第45話:聖域から漂う、饐えた善意の腐敗臭
"おえっ……げほっ、ごほっ!"
俺、アレンは、王都のメインストリートの真ん中で猛烈な嘔吐感に襲われ、膝をついた。喉の奥からせり上がる酸っぱい液体を、必死の思いで飲み下す。視界が、ぐにゃりと歪んだ。脳が、本能が、そして俺の魂の根幹にある潔癖症という名の"安全装置"が、大音量の警報を鳴らし続けている。
つい数時間前、俺はこの国の魔法回路をデフラグし、ゴミ一つない純白のシステムへと書き換えたはずだった。空気は澄み渡り、魔力の淀みは消え、世界は石鹸の香りに包まれていた。だが。今、俺の鼻腔を突き刺しているのは、そんな清涼感を一瞬で無に帰す、最悪の"異臭"だった。

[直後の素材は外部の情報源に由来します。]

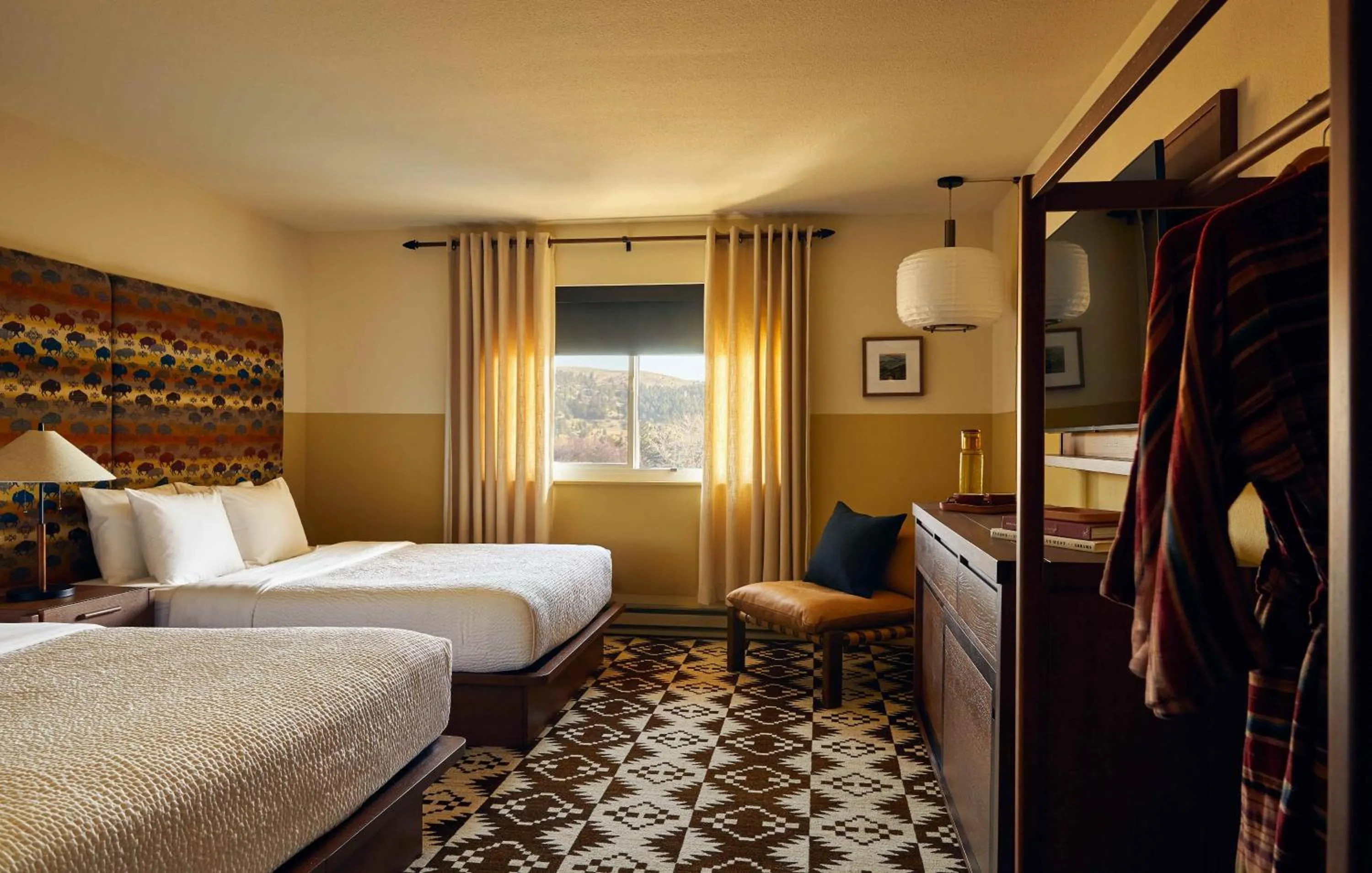 Photo of the whole room, Bed in Wandering Buffalo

それは、魔法回路の焦げた臭いでも、下水の悪臭でもない。もっと粘り気があり、もっと執拗に神経を逆撫でする、甘ったるい死臭。例えるなら、真夏の炎天下に放置された生ゴミの山に、最高級の香水をこれでもかとぶっかけ、さらにその上から糖蜜を塗りたくって一週間発酵させたような、吐き気を催す"善意の煮凝り"の臭いだ。

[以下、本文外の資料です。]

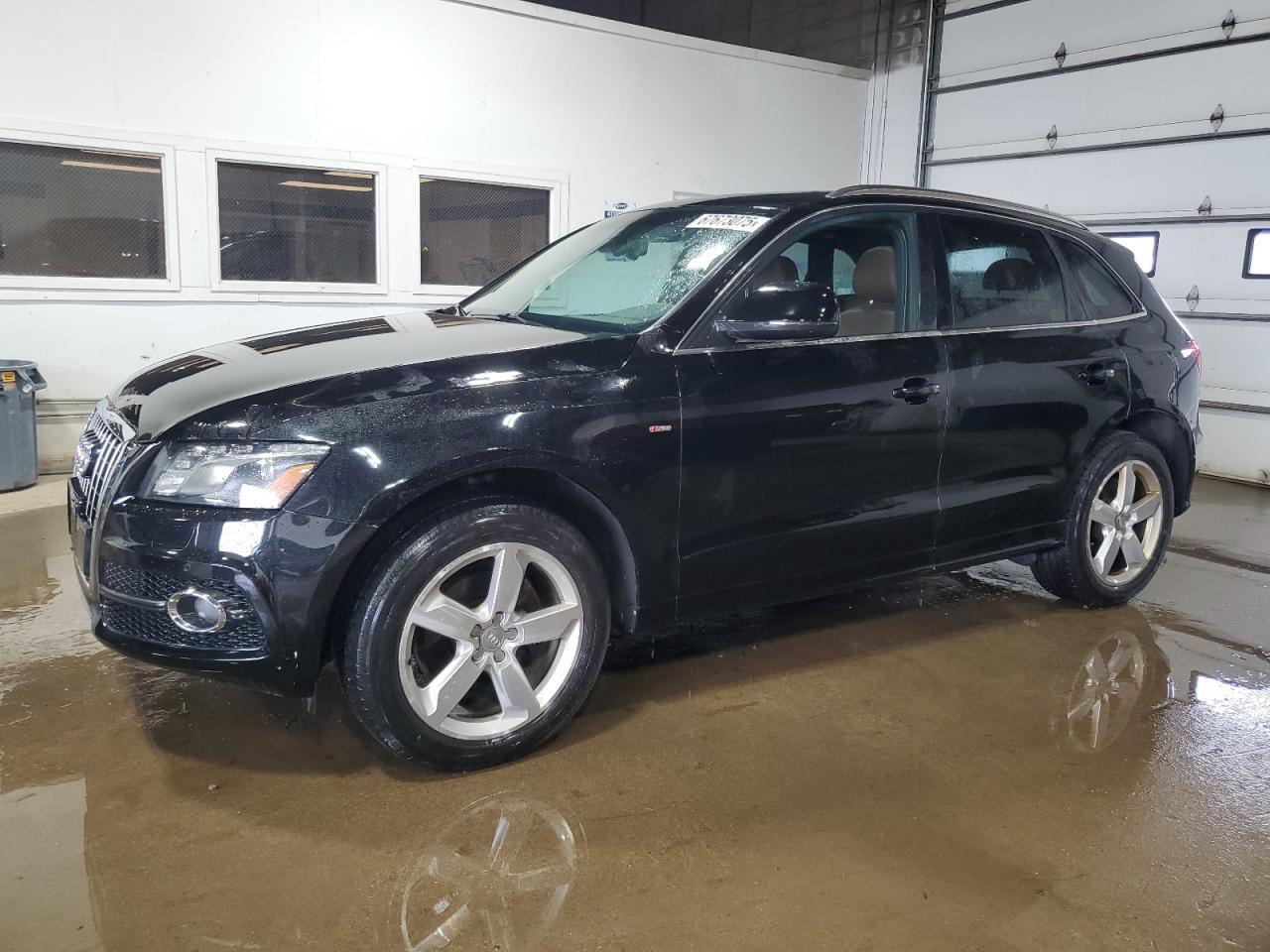 2011 AUDI Q5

「……なんだ。なんなんだ、この、生理的に受け付けない不快感は。空気が……空気が情報の膿でベタついている」
俺は震える手で鼻を覆ったが、無駄だった。その臭いは物理的な粒子ではなく、"概念的な汚染"として、俺の脳に直接、真っ黒なカビの胞子を植え付けてくる。
「アレン様! いかがなさいましたの!? まさか、あまりの清々しさに、ご自身の美しさが耐えきれなくなってしまったのですか!?」
隣で、ティアナが能天気な声を上げる。清々しい? 俺は、震える指で王都の中央にそびえ立つ"大聖堂"を指差した。

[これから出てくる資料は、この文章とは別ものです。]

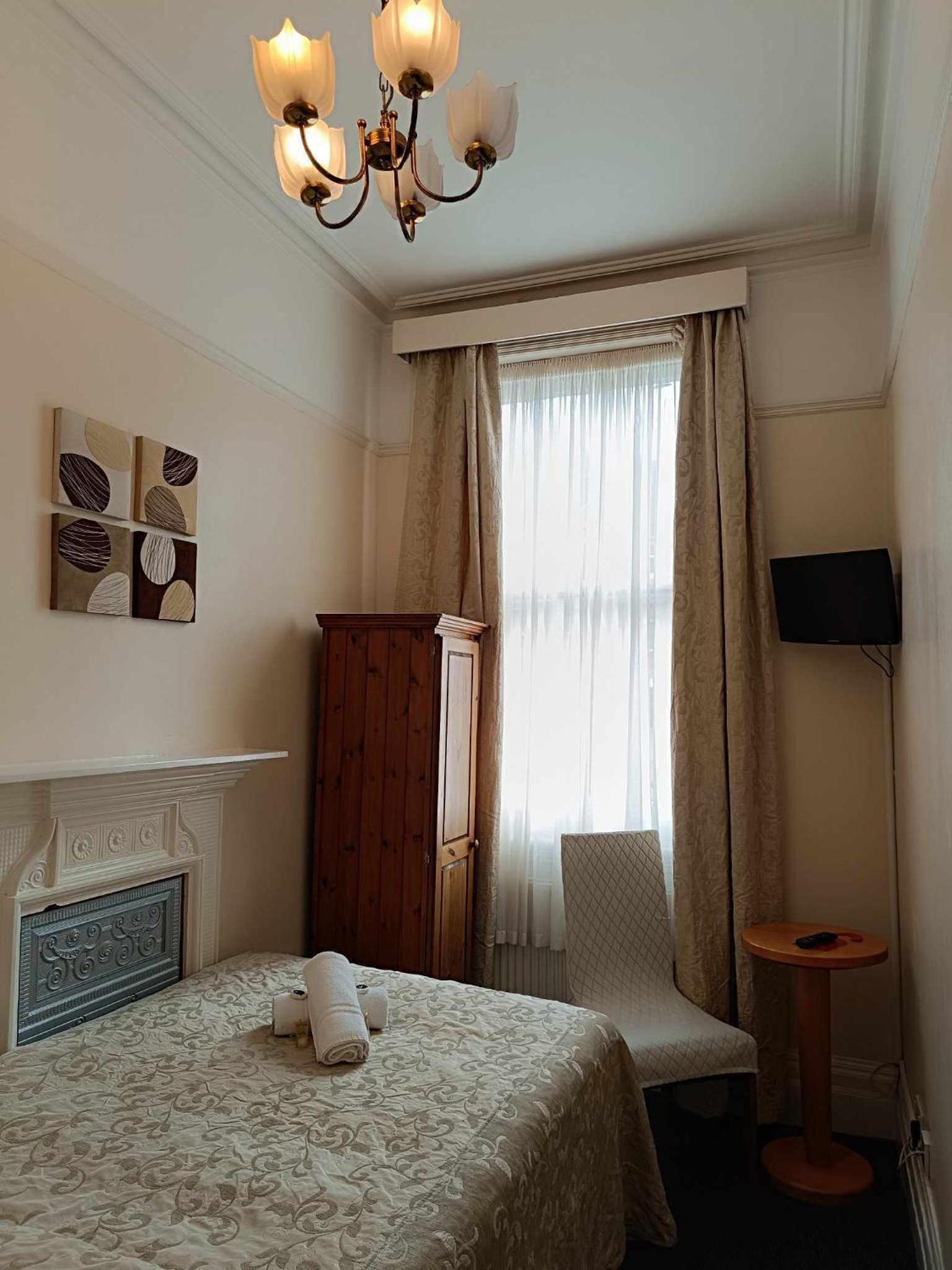 Standard Double Room photo 3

「……ティアナ、お前、あれが見えないのか? あの、白亜の建物の隙間から、ドロドロとした黒い粘液が溢れ出しているのが。あの、空を不透明に染めている、情報の黒カビが見えないのか!?」
「! 黒カビ……? まあ! さすがアレン様! 私のような凡庸な目には、ただの神々しい後光にしか見えない聖堂の輝きを、すでに"不潔なノイズ"として捉えていらっしゃるのですね!?」
「違う! 後光じゃない、あれは発酵したメタンガスだ! 逃げるぞ、ティアナ! 今すぐここを離れないと、俺の脳内メモリが修復不可能なレベルで汚染される!」
俺は踵を返し、全力で走り出そうとした。だが。それよりも早く、俺の腕を強靭な力……もとい、狂信的な力で掴む者がいた。
「! 逃がしませんわ、アレン様!! アレン様がこれほどまでに激しい拒絶を示されるということは、あの中に、この世界で最も"不浄なバグ"が潜んでいるという証! これを見過ごすことは、アレン様の信徒として、あるいは掃除の申し子として許されませんわ!! さあ、参りましょう! 聖なる滅菌の旅路へ!!」
「やめろ! 放せ! 俺は掃除屋じゃない、ただの潔癖症なんだ! 頼むからあの情報のゴミ捨て場に近寄らせないでくれぇぇぇ!!」
俺の絶叫は、ティアナの歓喜の叫びにかき消された。ずるずると引きずられ、俺は王都で最も神聖とされ、そして俺にとって最も不衛生な地獄……大聖堂へと連行されていった。